Exhibitions

Isolated from Function

Aaron Blendowski & Sue Ravitz

February 4 - March 20, 2022

Exterior view of installation
(Photo credit: Brian W. Ferry)

 

Isolated from Function brings together, for the first time, two artists with extraordinary senses of color, Aaron Blendowski and Sue Ravitz.  

Both seek to juxtapose traditional domestic forms and analog methods of making with darkly vibrant, and at times challenging, color combinations. The artists chose six pieces each to contextualize the other’s work, in turn creating an otherworldly environment that blends historical crafts with futuristic aesthetics.

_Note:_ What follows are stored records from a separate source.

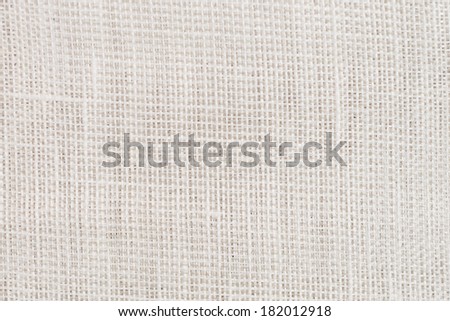 Closeup detail of beige fabric texture background.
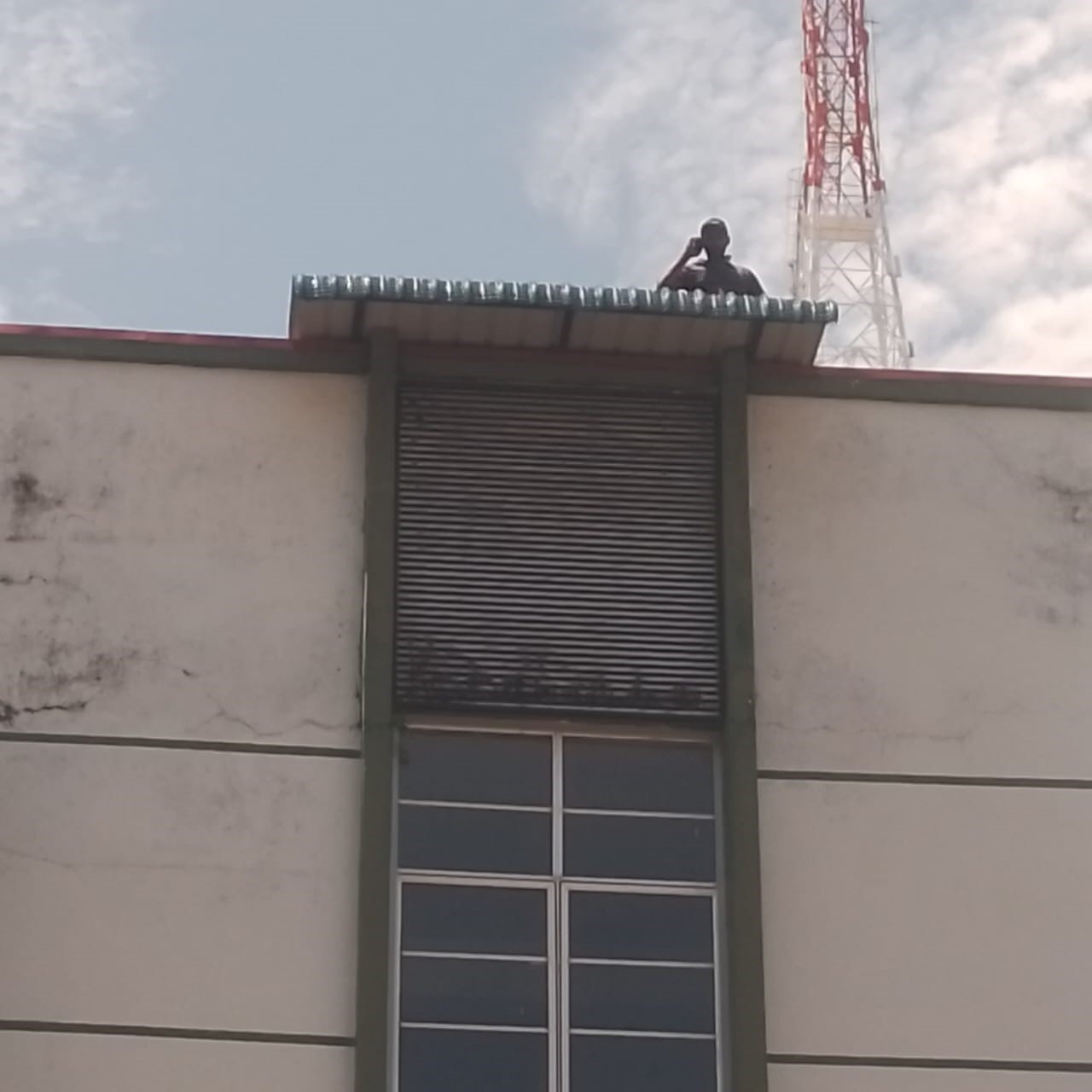Worker on the roof edge above a window shutter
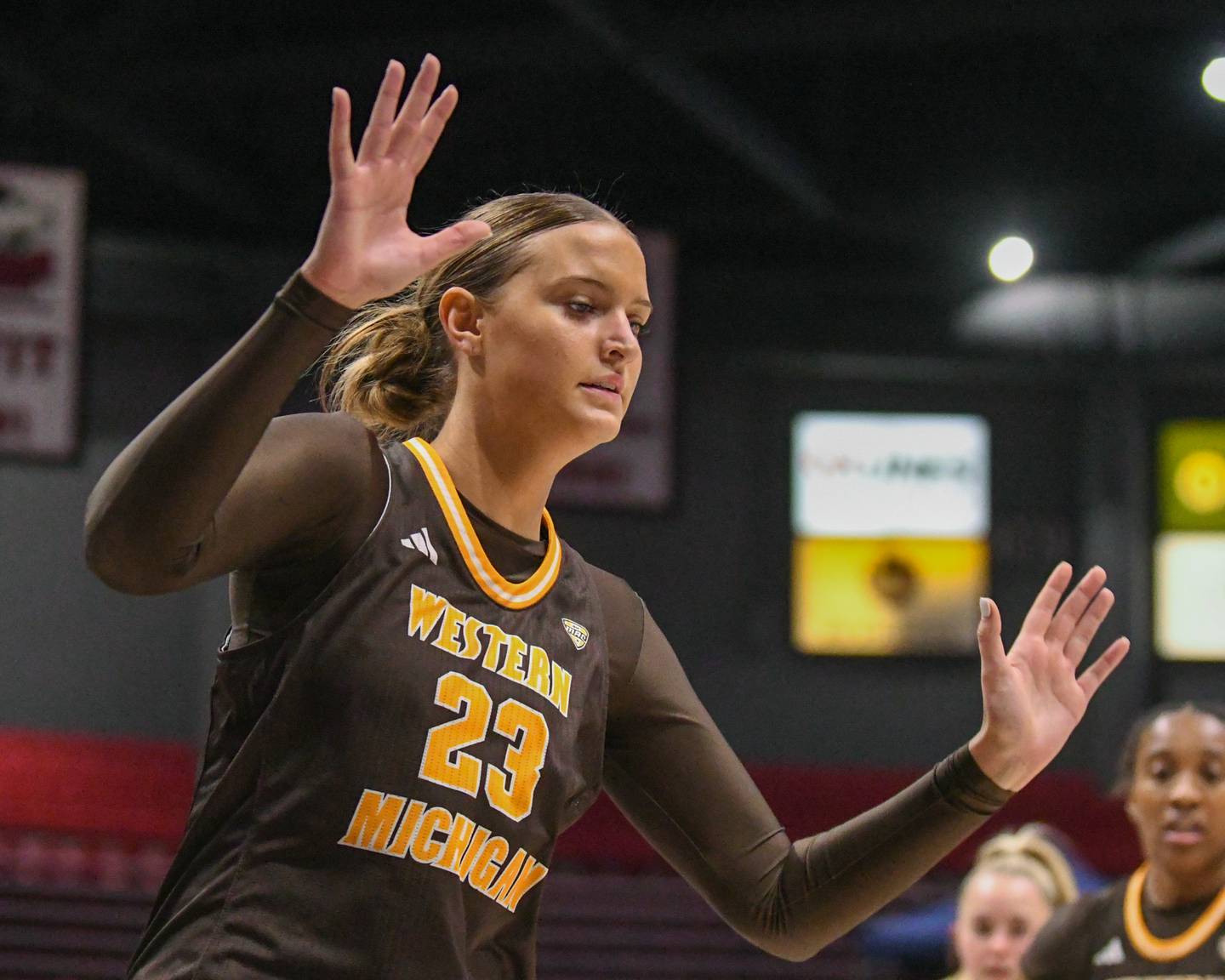 western Michigan University's Eveyn Carrier (23) plays defense while traveling to take on Northern Illinois University's Laura Nickel (32) during the game on Saturday Jan. 11, 2025, held at the Convocation center in DeKalb.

While the show’s title emphasizes the detachment of the works on view from the domestic space and the function they serve within that space, the furniture, lighting and textiles emphasize time as much as isolation. Both artists utilize various mediums – fiber, resin, wood and color – to explore our past, present, and potential future.

 
 

The six works on display by Sue Ravitz showcase the breadth of her fiber art, influenced by an  early exposure to traditional handicrafts while growing up in the Midwest. Although generations of women in her family crafted, Ravitz was never exposed to art with a capital A. After moving to New York City, she began exploring color more seriously, both in her own practice and through her collecting (she and her husband, an artist in his own right, have amassed an extensive collection of Monochrome and Reductive abstract art). Later, she combined the influences of her upbringing with the art that surrounds her to create an art practice focused on color relationships, investigated through natural fibers.

 

Installation view
(Photo credit: Brian W. Ferry)

 

A prime example is her hand-dyed, braided wool rug, which is an explosion of color, and forms the focal point of the exhibition. While braided rugs have been a staple of American domestic crafts since the early part of the nineteenth century, Ravitz contemporised the palette for her Isolated from Function centerpiece. Early rug braiders used whatever fabric they could spare and, necessarily, could not pay close attention to color relationships or even material, as examples exist that mix linen, wool and velvet. Ravitz’s rug, on the other hand, employs traditional technique, but achieves a contemporary, kaleidoscopic effect. To achieve this, Ravitz stitches long strips of hand-dyed woolen fabric together that she then painstakingly assembles to create unexpected color relationships, such as earthy greens and browns with neon yellows and pinks. She then braids the strips, coiling the resulting plaits into circular patterns reminiscent of Shaker “Spirit” rugs – intuitive rugs in which the pattern and color combinations were derived more from the makers’ mood than any predetermined plan. Ravitz therefore is able to bridge time, from the long tradition of women homemakers in early America to today, all with a sense of newness, vigor and authenticity.

 

Installation view
(Photo credit: Brian W. Ferry)

 



In addition to the central rug, Ravitz selected works that use traditional handicrafts, but with subversive twists. Her silk needlepoint panels, for example, employ a pattern that resembles television static, a common sight in the past, but something contemporary viewers rarely experience with today’s digital technology. Staring at one of these panels is like staring into an analog screen, absent of a signal, in which the black and white pixels are replaced by the full color spectrum. While the pattern may be frozen in place, the color relationships and luminous silk thread make the panels vibrate.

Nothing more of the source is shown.